Crazy Lenz came along a few times. With Lenz, the journeys lasted rarely more than a minute before meteors hulled them and they tumbled across the basement or before Lenz hushed with, “You hear? Listen! Y’hear that?” At every landing, it was them against Martians, Russians, Germans, Chinese Commies, whatever might lurk down the alley or lay hidden in the gangways between houses on Perkiomen.

With Lenz they always carried guns and always had a ball.

Even so, when DeAngelo drew two explorers standing, finally standing, on the moon, the Earth in the always-black black sky above, the tiny ship far away and behind, the second suit was always Reinhart’s. DeAngelo and Reinhart, the flag between them. After all that had come before, whatever it had been, whatever would come between them in the years that were to follow, they were there and alive, DeAngelo and Reinhart, on the moon, first on the moon. Famous forever.

Reinhart shuffled the pictures. “You’re nuts.”

“What about them?” DeAngelo said.

Reinhart got it then giggled.

Still, that was the last time he showed Reinhart any but technical drawings.

Christmas. For no reason he could fathom there was a Junior Engineer’s drafting set under the tree—drawing board, T-square, pair of compasses, dividers, French curves, architect’s scale, kneaded eraser, mechanical pencil, real drafting paper, book of projects. DeAngelo looked from Mother to Pop-pop, to visiting aunts and sleeping uncles and back.

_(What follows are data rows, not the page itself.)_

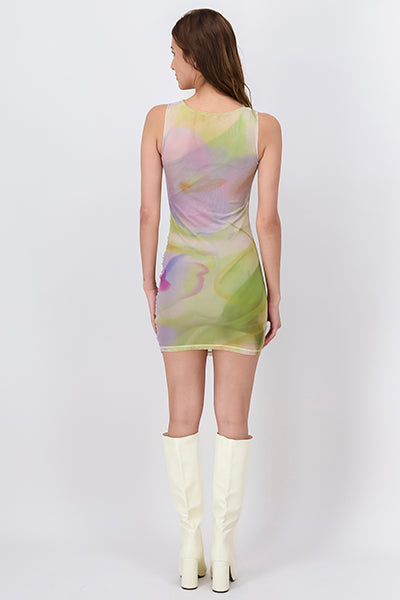 Vestido mesh plisado tie dye MULTICOLOR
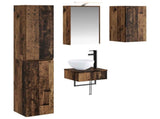 Bathroom Furniture Set 5 pcs Old Wood Engineered Wood and Glass 3407253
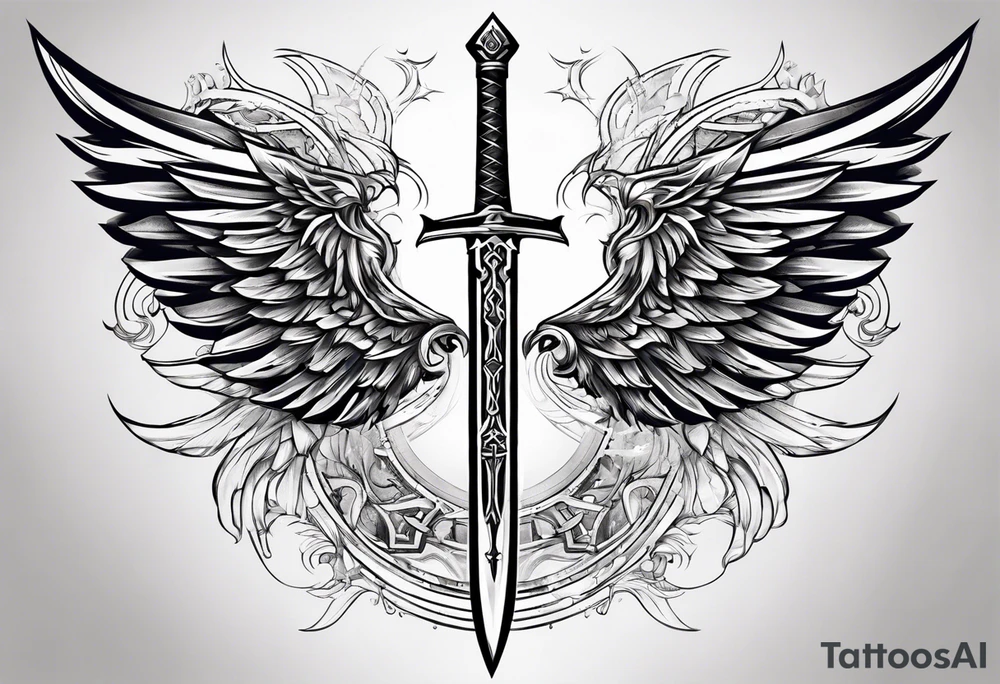 Sword with cyber sigilism wings tattoo idea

“Still got nothing to push on. But you can make better pictures,” Pop-pop said.

He made different pictures. He spent hours drafting the ship’s hull, making both sides just-so.

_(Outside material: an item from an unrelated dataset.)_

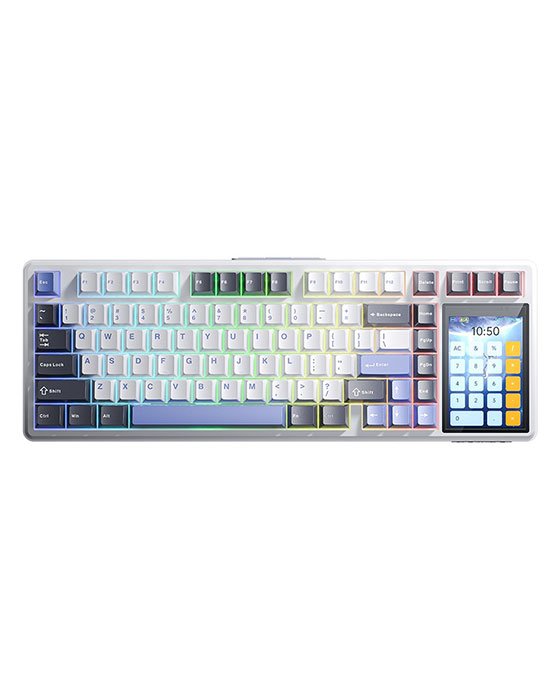 AULA L99 Wireless + Bluetooth HotSwap Mechanical RGB Gaming Keyboard (White)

Reinhart nodded, no squint.

DeAngelo threw it away. The lousy drawings were better, the dozens where one edge bellied more than the other or where a bulbous extrusion lumped crazy from the nose. The more the differences, the better it felt.

“The heck’s that?” Reinhart said. He was squeakier each time they got to work.

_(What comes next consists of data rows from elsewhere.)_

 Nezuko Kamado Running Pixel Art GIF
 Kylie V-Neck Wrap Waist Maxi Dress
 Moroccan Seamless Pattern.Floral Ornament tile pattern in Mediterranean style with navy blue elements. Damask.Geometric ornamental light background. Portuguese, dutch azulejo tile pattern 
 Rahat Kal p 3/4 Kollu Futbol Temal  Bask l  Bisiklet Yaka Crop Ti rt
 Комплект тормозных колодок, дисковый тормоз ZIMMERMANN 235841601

“Looks better,” DeAngelo said. “See?” He traced a softly curving ship’s underbelly in the air. “Then…” He traced a humpback topside above Reinhart’s head. “Cool, huh?”

“Yeah?” The question hung. “And by the way,” Reinhart poked the detail drawing of the ship’s atomic pile, “you have any idea what a reactor weighs?”

DeAngelo shrugged.

“Well, it’s mostly concrete and lead!”

“So?”

“Well, no atomic pile, no atomic pow-er.” Singing. “Anyway, what’re you figuring’s the reaction mass?”

DeAngelo shuffled drawings. “Mass, mass. Reaction mass?” he said as he paged.

“What’s the ‘pile’ supposed to heat up? What blows out the ass to make us go? Newton’s law, you know? Action? Reaction? It’s what makes us go. What’s our action, DeAngelo?”